You probably have come across the fill-in-the-blank exercises similar to the following:
Can you fill in the missing blanks? They are 64, 36, and 47. In the first sequence, each number is twice of the previous one. The second sequence is a square sequence: 12, 22, 32, 42, 52, 62. For the third sequence, the 3rd number and beyond are obtained by the sum of the previous two numbers: 7=4+3, 11=7+4, 18=11+7, 29=18+11, 29+18=47. The numbers in the above 3 sequences are not random, in the sense that they follow a certain rule. You can predict the numbers in the sequence by just observing a few of them.
By contrast, sequences of random numbers do not follow any pattern in the appearance of numbers. Take for example, the outcomes of throwing a die. If you throw a die 10 times, you may get a sequence such as 1, 6, 2, 1, 5, 6, 3, 3, 3, 6. You cannot predict what the next outcome will be based on the observed outcomes. Computers can generate numbers that appear to be random. For example, the commands
rnorm(10)
[1] 0.93728663 1.64729779 1.76768042 -0.01816226 -0.86260006
[6] 0.27750780 -0.86509918 0.02349651 1.09932461 -0.14221929
generates 10 numbers that appear to be random. It is not easy to predict what number you will get the next time you run rnorm()

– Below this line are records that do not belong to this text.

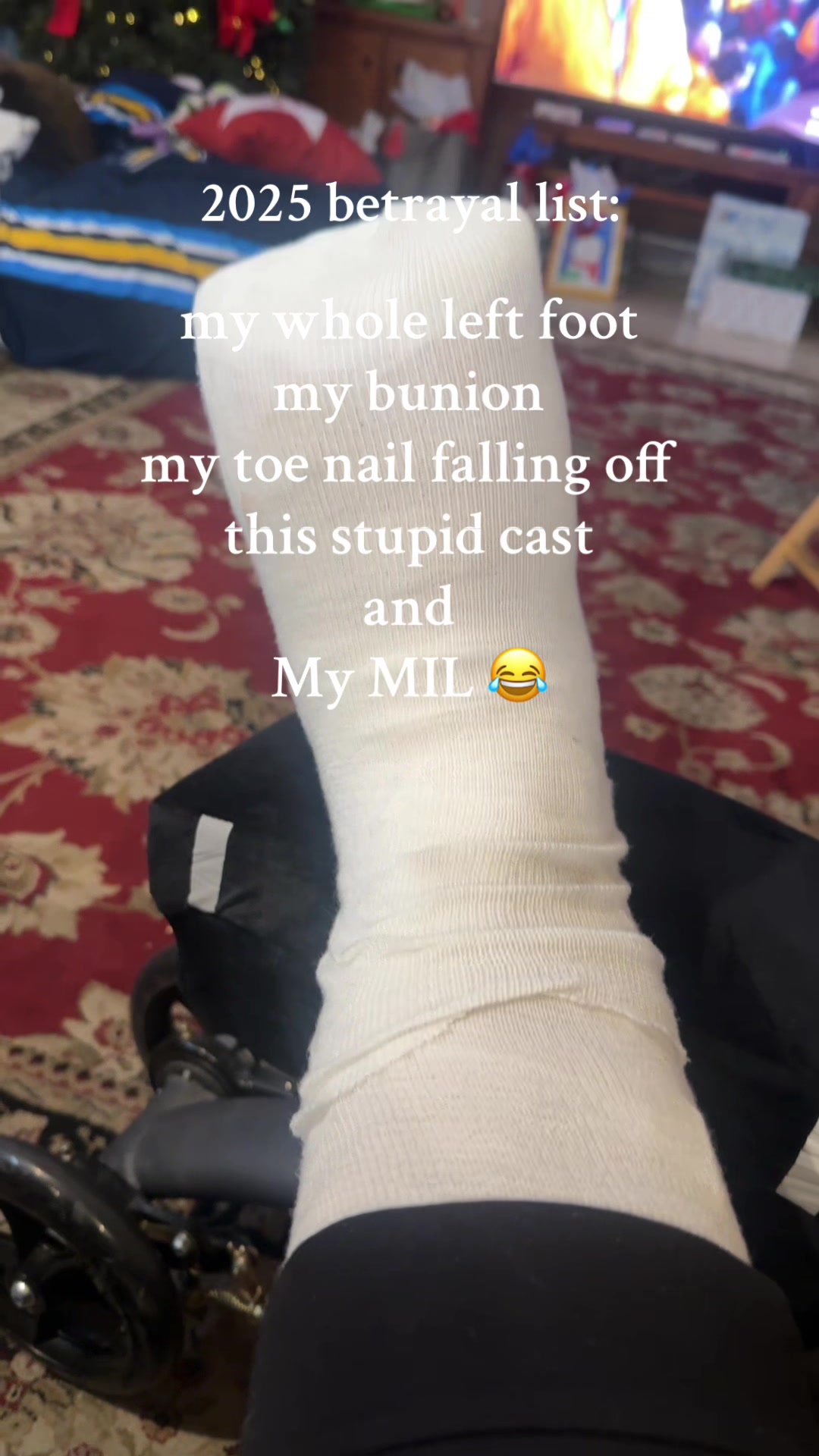 @A.
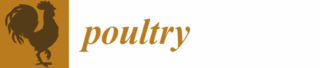 poultry logo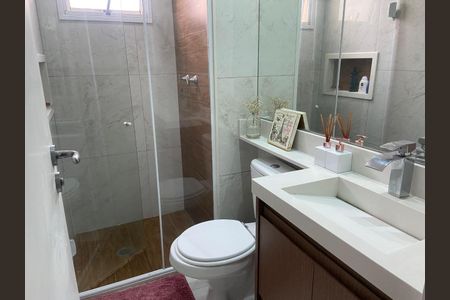 Apartamento à venda com 110m², 2 quartos e 1 vaga Apartamento à venda com 110m², 2 quartos e 1 vagaFoto 11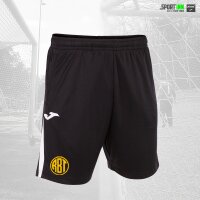 Hose kurz • Championship VII • RBT...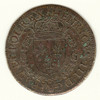 Henri III - Mars - 1584 Henri III - Mars - 1584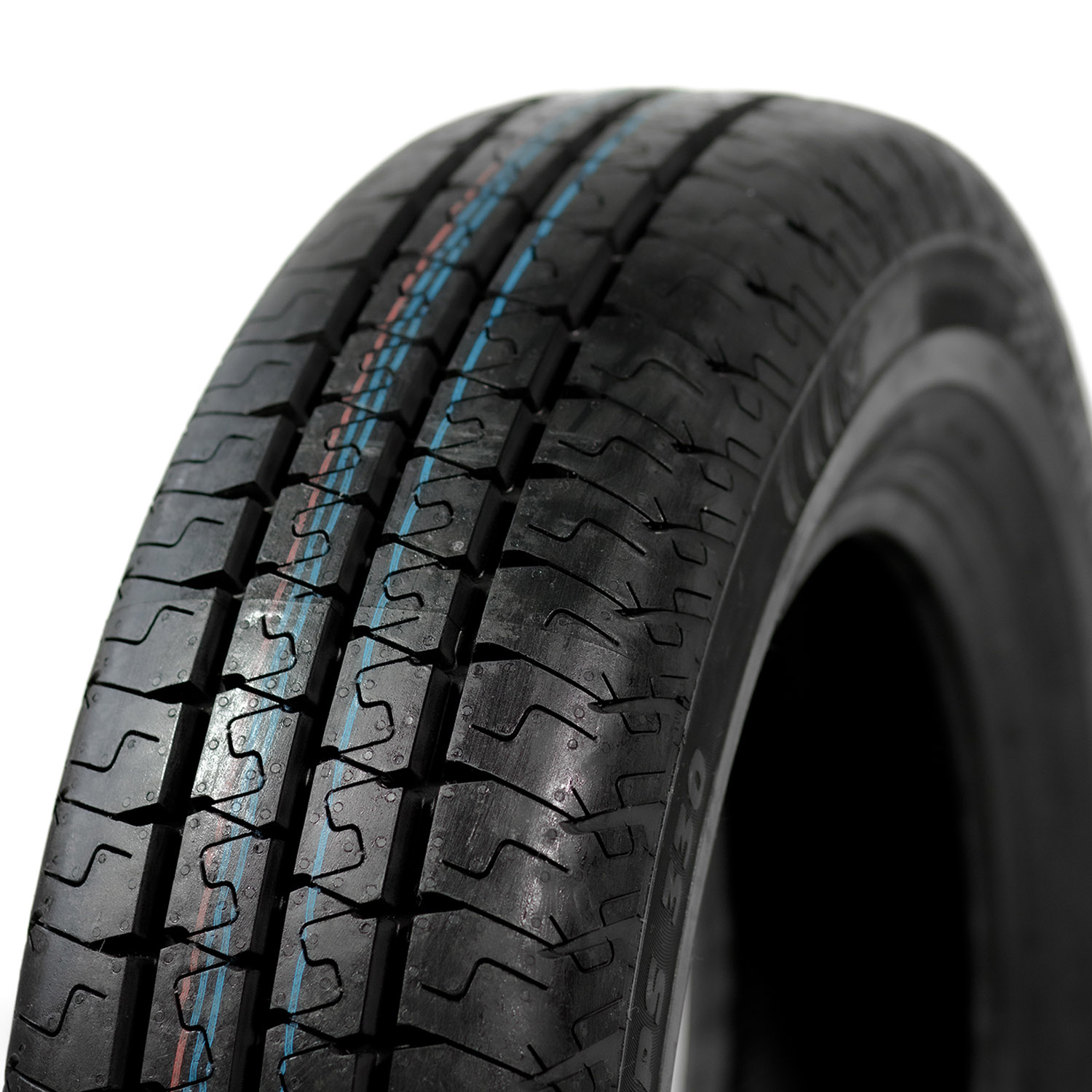 R16 185/75 C Torero MPS330 104/102 R TL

again. However, the seemingly random numbers generated by computers are not truly random. They are generated by somewhat complicated algorithms. If you figure out the algorithm, you will be able to predict what the next number will be. For example, I can tell you that the above 10 numbers are generated using R’s rnorm()
function with a seed number 39135. The same 10 numbers can be reproduced by opening an R console, typing set.seed(39135)
and then rnorm(10)
. To find out what the next number will be, just type
rnorm(1)
[1] 0.4126871
For this reason, these numbers are called pseudo random numbers. Even though pseudo random numbers are not true random numbers, they are easy to generate and share many statistical properties of true random numbers. They are widely used in many applications to simulate random numbers. For simplicity, we do not distinguish random numbers and pseudo random numbers hereafter.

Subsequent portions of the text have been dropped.